10. In considering whether or not to grant stay of execution, the court is expected to look at the circumstances and test them against the provisions of the law before applying its discretion on the matter. On this prayer, I am guided by Order 42 Rule 6(2) of the Civil Procedure Act which provides:(2)No order for stay of execution shall be made under subrule (1) unless—(a)the court is satisfied that substantial loss may result to the applicant unless the order is made and that the application has been made without unreasonable delay; and(b)such security as the court orders for the due performance of such decree or order as may ultimately be binding on him has been given by the applicant.

11. It is the applicant’s argument that if an order for stay of execution is not granted, it will suffer irreparable loss and the intended appeal will be rendered nugatory. The applicant’s apprehension arises from the fact that the respondent has moved to execute for the decretal amount. Execution in itself is not an unlawful process and once judgment is entered in favour of a party, that party is at liberty to commence execution unless stay of execution orders are in place. This was the holding in the case of James Wangalwa & Another v Agnes Naliaka Cheseto [2012] eKLR.

12. The impugned judgment was delivered on 16th November 2023 and this application was filed on 26th January 2024, 70 days after the event. The applicant had 30 days within which to appeal and failed to do so, the respondent proceeded to execute and obtained warrants of attachment on 18th January 2024. I do not find it surprising that the respondent, being the decree holder, moved to recover the decretal amount as the same was well within his rights. It would seem that obtaining the warrants of attachment prompted the applicant to file the application dated 25th January 2024, otherwise, it would not have moved the court.

13. Indeed, there was a delay in filing the application and the applicant stated that the delay was occasioned by the exit of its advocate from the law firm it had instructed, and so the judgment was not traceable on time for purposes of the appeal. From the circumstances as discussed in my previous paragraphs, this does not particularly persuade the court that the delay is excusable. The applicant has offered to provide security for performance in the form of a bank guarantee. This position has been opposed by the respondent, who stated in his affidavit that the bank guarantee will not suffice unless it provides for the specific decretal amount. The security envisioned in Order 42 Rule 6 (2)(b) of the Civil Procedure Rules is one that will be actually realized or will be ultimately binding. In the case of Gianfranco Manenthi & another v Africa Merchant Assurance Company Ltd [2019] eKLR, where the court observed:“… the applicant must show and meet the condition of payment of security for due performance of the decree. Under this condition a party who seeks the right of appeal from money decree of the lower court for an order of stay must satisfy this condition on security. In this regard, the security for due performance of the decree under order 42 rule 6(1) of the Civil Procedure Rules, it is trite that the winner of litigation should not be denied the opportunity to execute the degree in order to enjoy the fruits of his judgment in case the appeal fails.

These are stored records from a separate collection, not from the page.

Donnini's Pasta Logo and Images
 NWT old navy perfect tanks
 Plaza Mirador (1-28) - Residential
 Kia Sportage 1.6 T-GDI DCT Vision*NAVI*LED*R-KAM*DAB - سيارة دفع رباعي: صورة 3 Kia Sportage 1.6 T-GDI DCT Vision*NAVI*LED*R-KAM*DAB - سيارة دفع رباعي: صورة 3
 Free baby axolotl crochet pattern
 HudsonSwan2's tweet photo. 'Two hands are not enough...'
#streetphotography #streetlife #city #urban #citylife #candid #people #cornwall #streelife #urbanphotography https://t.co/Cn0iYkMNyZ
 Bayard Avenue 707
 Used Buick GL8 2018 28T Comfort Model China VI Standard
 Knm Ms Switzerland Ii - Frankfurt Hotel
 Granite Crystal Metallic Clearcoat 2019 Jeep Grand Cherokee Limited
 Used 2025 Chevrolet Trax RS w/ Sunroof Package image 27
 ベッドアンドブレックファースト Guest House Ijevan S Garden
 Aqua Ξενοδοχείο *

14. As to whether or not a bank guarantee passes as good security, the Court of Appeal in Nduhiu Gitahi v Warugongo [1988] KLR 621; 1 KAR 100; [1988-92] 2 KAR 100 expressed itself as follows:“The process of giving security is one, which arises constantly. So long as the opposite party can be adequately protected, it is right and proper that security should be given in a way, which is least disadvantageous to the party giving the security. It may take many forms. Bank guarantee and payment into court are but two of them. So long as it is adequate, then the form of it is a matter, which is immaterial. In an application for stay pending appeal the court is faced with a situation where judgement has been given. It is subject to appeal. It may be affirmed or it may be set aside. The court is concerned with preserving the rights of both parties pending that appeal…For that purpose, it matters not whether the plaintiffs are secured in one way rather than another. It would be easier for the defendants or if for any reason they would prefer to provide security by a bank guarantee rather than cash. There is absolutely no reason in principle why they should not do so…”.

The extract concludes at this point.